Exact reproduction of all the entries is required, without any of their pictures.

:: Records to process

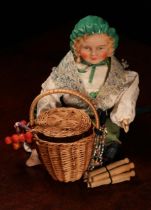 An English bisque shoulder head doll, modelled as a Gypsy, the bisque head with painted features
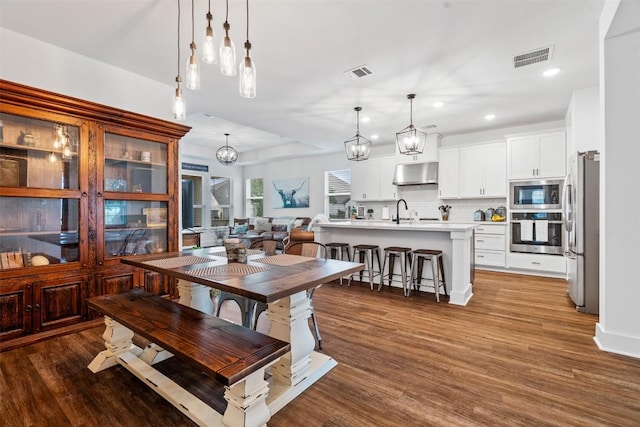 dining space with recessed lighting, a notable chandelier, visible vents, and wood finished floors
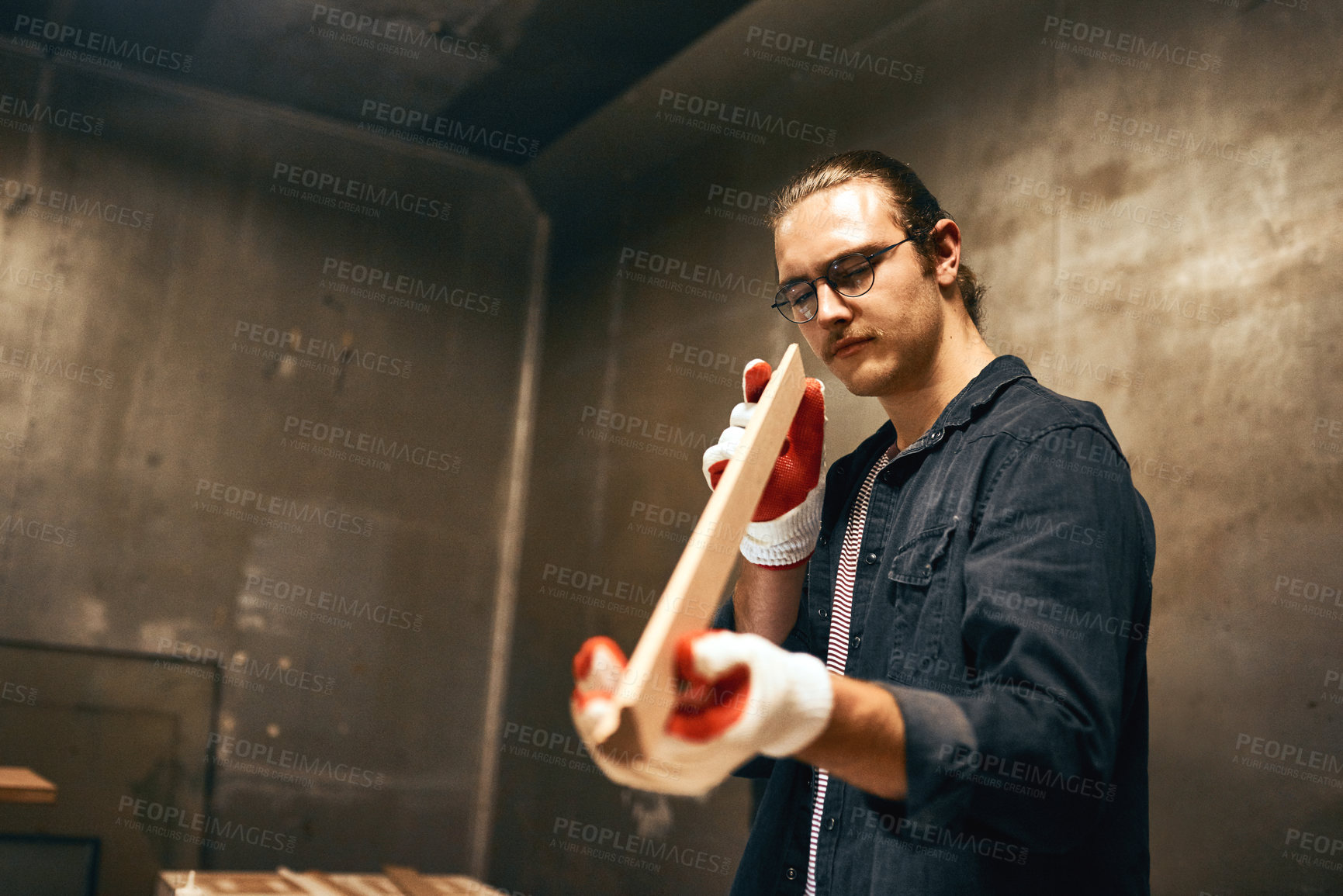 Buy stock photo Cropped shot of a focused young male carpenter holding and examining a piece of wood while working inside of a workshop at night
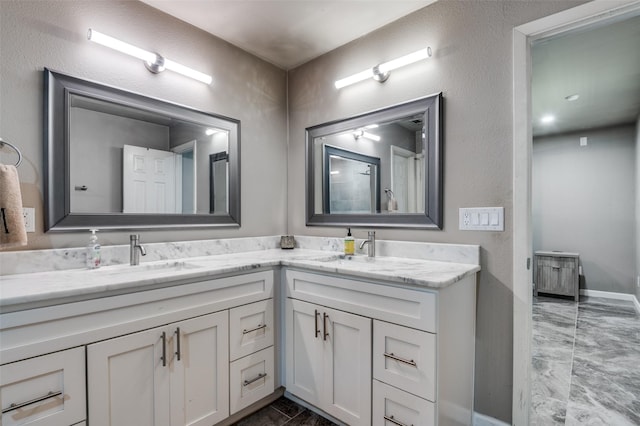 3467 Navajo Cir, Dallas, TX 75224 - bathroom with double vanity and baseboards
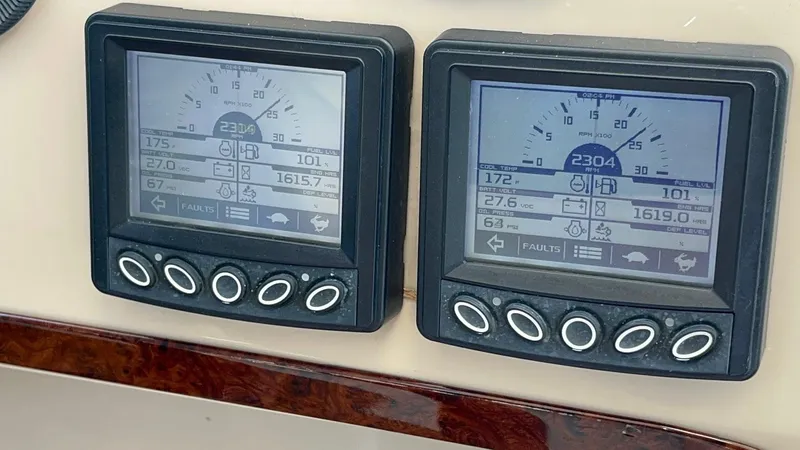 Roweboat Yacht Photos Pics Digital gauges on a 2006 Carver 56 Voyager yacht dashboard displaying engine metrics.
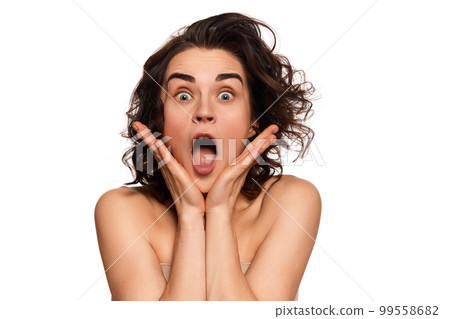 Shocked beautiful young woman with bare shoulders posing over white background. Fashion, beauty, spa, cosmetology, skincare concept Shocked beautiful young woman with bare shoulders posing over white background. Fashion, beauty, spa, cosmetology, skincare concept 99558682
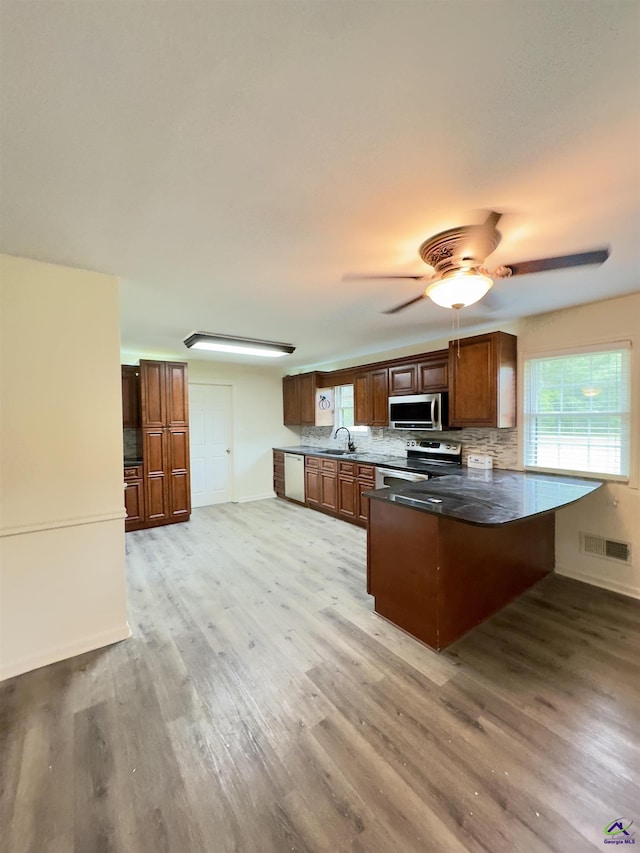 221 Fox Hound Dr, Byron, GA 31008 - kitchen with appliances with stainless steel finishes, a sink, a peninsula, and light wood-type flooring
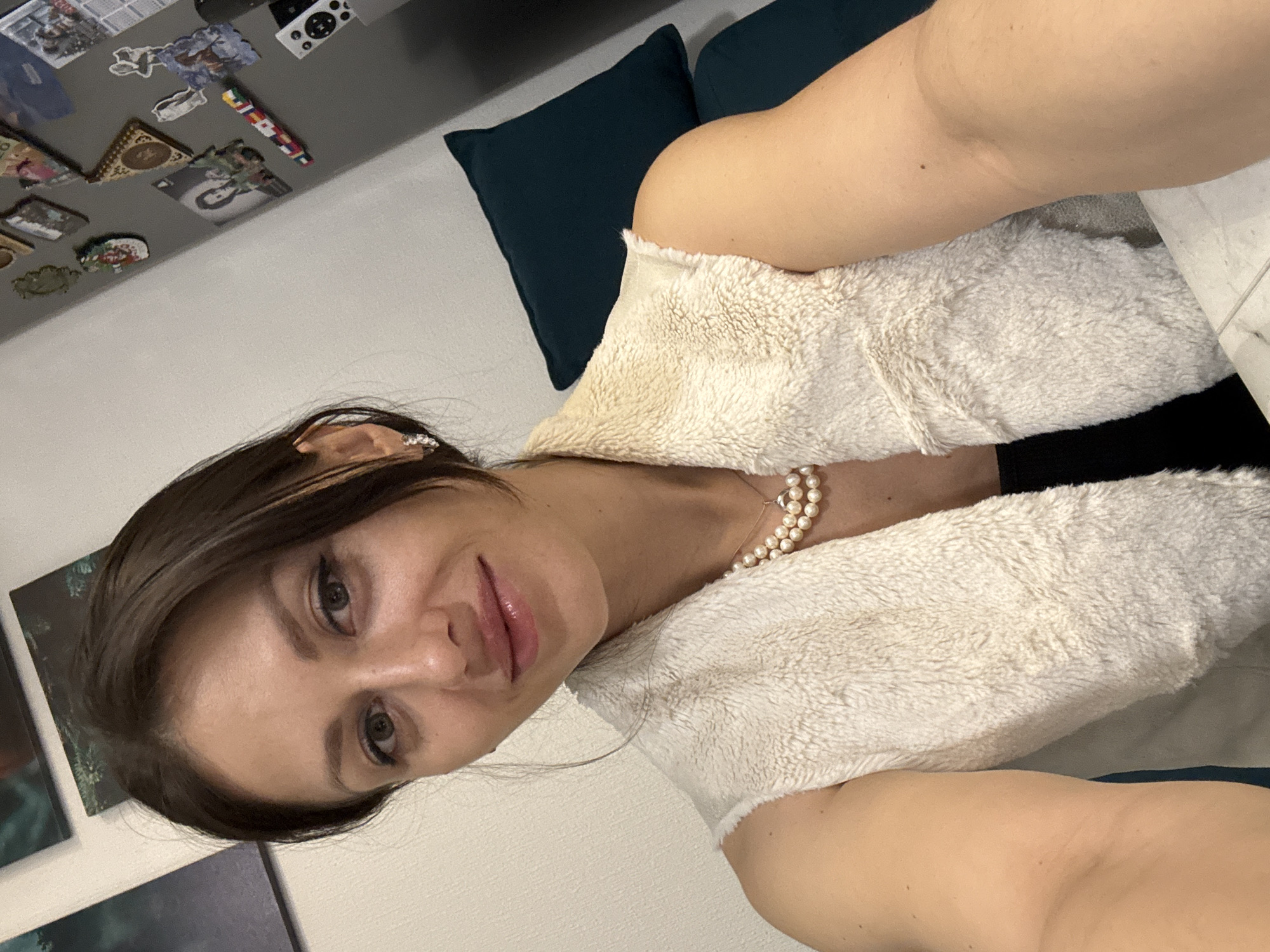 A woman is posing for a selfie. She is wearing a light-colored, furry vest over a black top and a pearl necklace. She has brown hair and is wearing earrings. She appears to be indoors, with a wall behind her decorated with various magnets. There are also dark blue cushions visible in the background. The location is potentially in Murino, Russia.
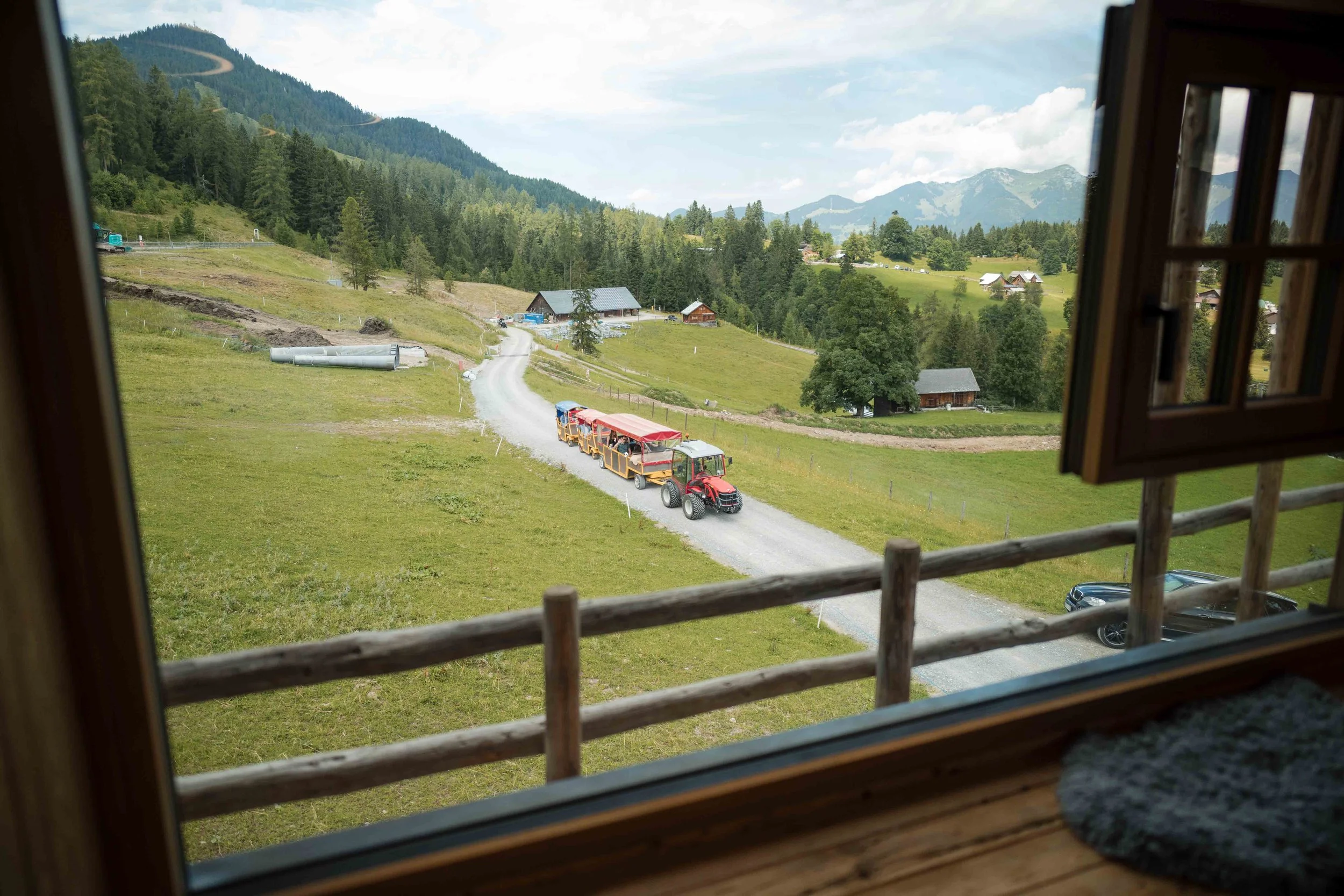 Blick aus einem Fenster auf eine ländliche Landschaft mit einem kleinen Zug, der auf einer Schotterstraße fährt, umgeben von grünen Wiesen und Hügeln, mit Bergen im Hintergrund.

::::

- [Exercise solution]
 An English bisque shoulder head doll, modelled as a Gypsy, the bisque head with painted features
 dining space with recessed lighting, a notable chandelier, visible vents, and wood finished floors
 Buy stock photo Cropped shot of a focused young male carpenter holding and examining a piece of wood while working inside of a workshop at night
 3467 Navajo Cir, Dallas, TX 75224 - bathroom with double vanity and baseboards
 Roweboat Yacht Photos Pics Digital gauges on a 2006 Carver 56 Voyager yacht dashboard displaying engine metrics.
 Shocked beautiful young woman with bare shoulders posing over white background. Fashion, beauty, spa, cosmetology, skincare concept Shocked beautiful young woman with bare shoulders posing over white background. Fashion, beauty, spa, cosmetology, skincare concept 99558682
 221 Fox Hound Dr, Byron, GA 31008 - kitchen with appliances with stainless steel finishes, a sink, a peninsula, and light wood-type flooring
 A woman is posing for a selfie. She is wearing a light-colored, furry vest over a black top and a pearl necklace. She has brown hair and is wearing earrings. She appears to be indoors, with a wall behind her decorated with various magnets. There are also dark blue cushions visible in the background. The location is potentially in Murino, Russia.
 Blick aus einem Fenster auf eine ländliche Landschaft mit einem kleinen Zug, der auf einer Schotterstraße fährt, umgeben von grünen Wiesen und Hügeln, mit Bergen im Hintergrund.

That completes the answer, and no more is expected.